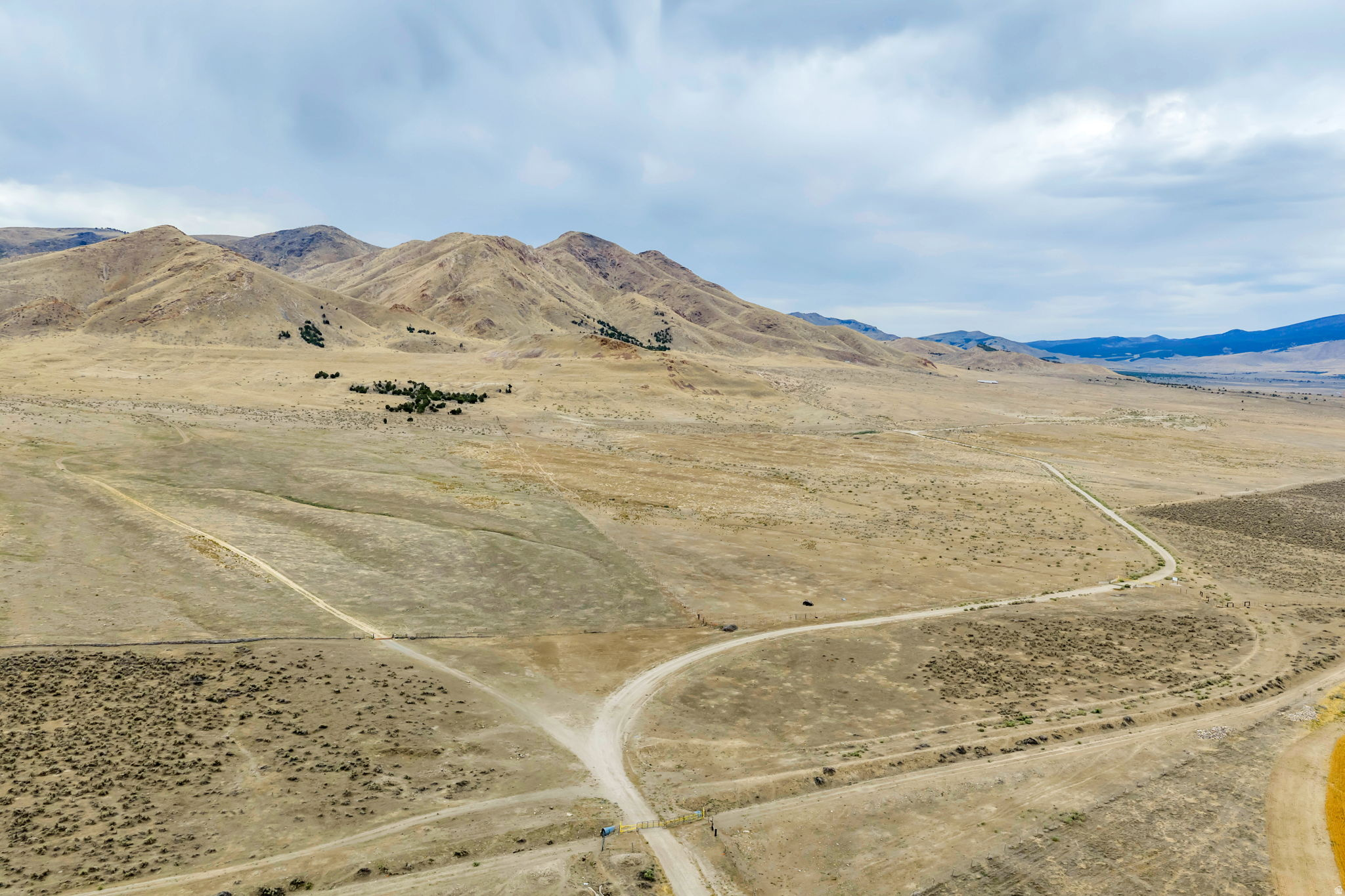 ELBERTA FOOTHILL RANCHES - Land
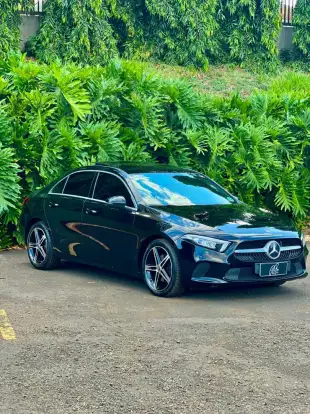 MERCEDES-BENZ-A 200-2020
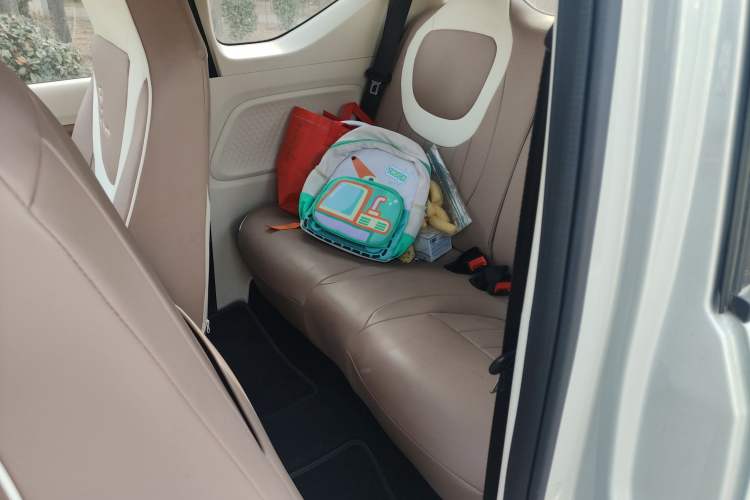 Used Wuling Hongguang MINIEV 2024 3rd Generation 215km Youth Edition Left Rear Seat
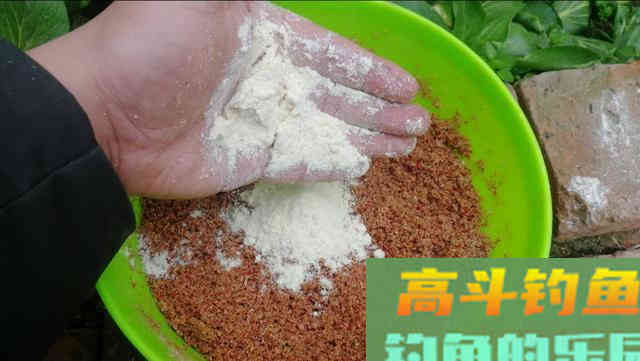 野钓环境下自制散炮，不但避小鱼，还专诱大鲫鱼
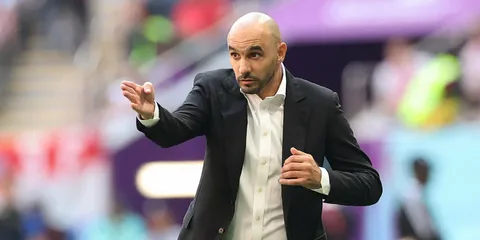 الركراكي يرفع التحدي أمام انتقادات الجمهور قبل كأس إفريقيا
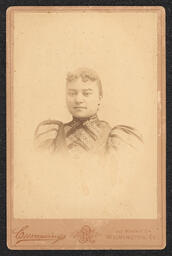 Cabinet card, Portrait of a woman with large sleeves, front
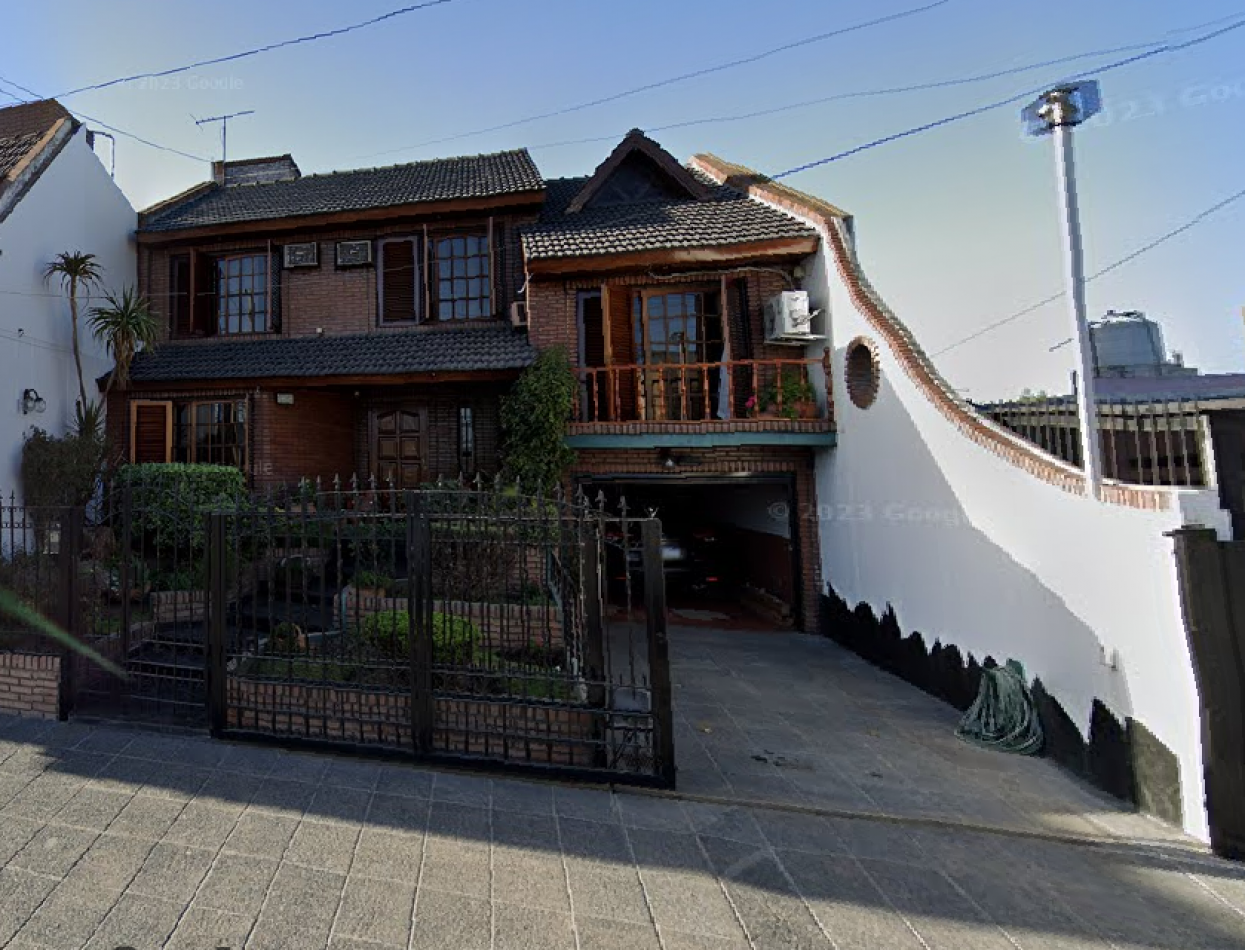 IMPORTANTE CASA DE 8 AMBIENTES EN GONZALEZ CATAN- EXCELENTE ESTADO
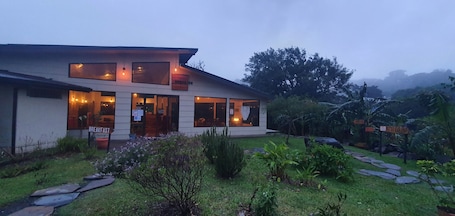 Fachada de la propiedad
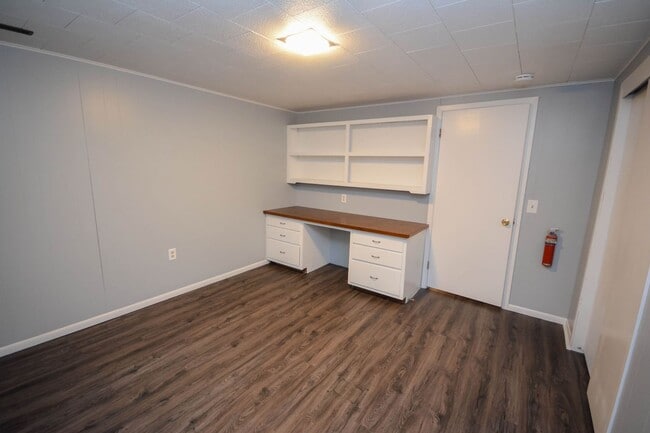 Building Photo - Ranch style home with incredible updates throughout!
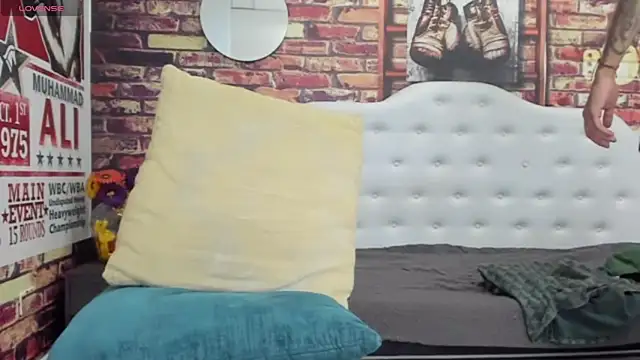 Ian1  online show from November 2025 02:32:01 AM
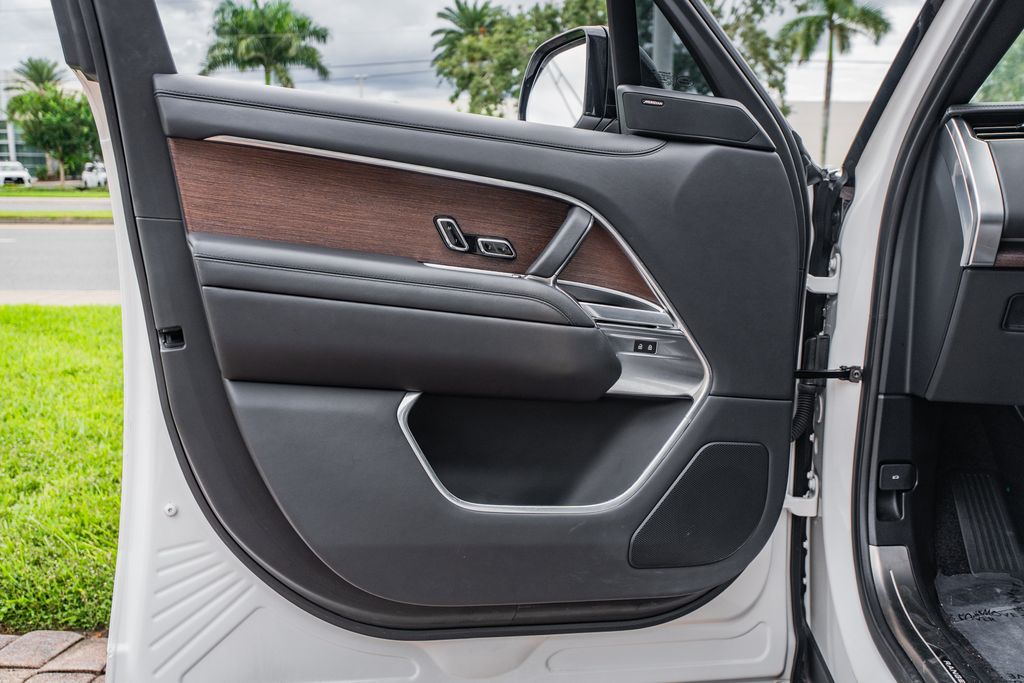 2023 Land Rover Range Rover SE - Photo 17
_ _ _ _
**What to produce**
Drop the pictures, then reproduce exactly the lines from the one with "野钓环境下自制散炮，不但避小鱼，还专诱大鲫鱼" through the final line of the listing.

**Answer to this exercise**
 野钓环境下自制散炮，不但避小鱼，还专诱大鲫鱼
 الركراكي يرفع التحدي أمام انتقادات الجمهور قبل كأس إفريقيا
 Cabinet card, Portrait of a woman with large sleeves, front
 IMPORTANTE CASA DE 8 AMBIENTES EN GONZALEZ CATAN- EXCELENTE ESTADO
 Fachada de la propiedad
 Building Photo - Ranch style home with incredible updates throughout!
 Ian1  online show from November 2025 02:32:01 AM
 2023 Land Rover Range Rover SE - Photo 17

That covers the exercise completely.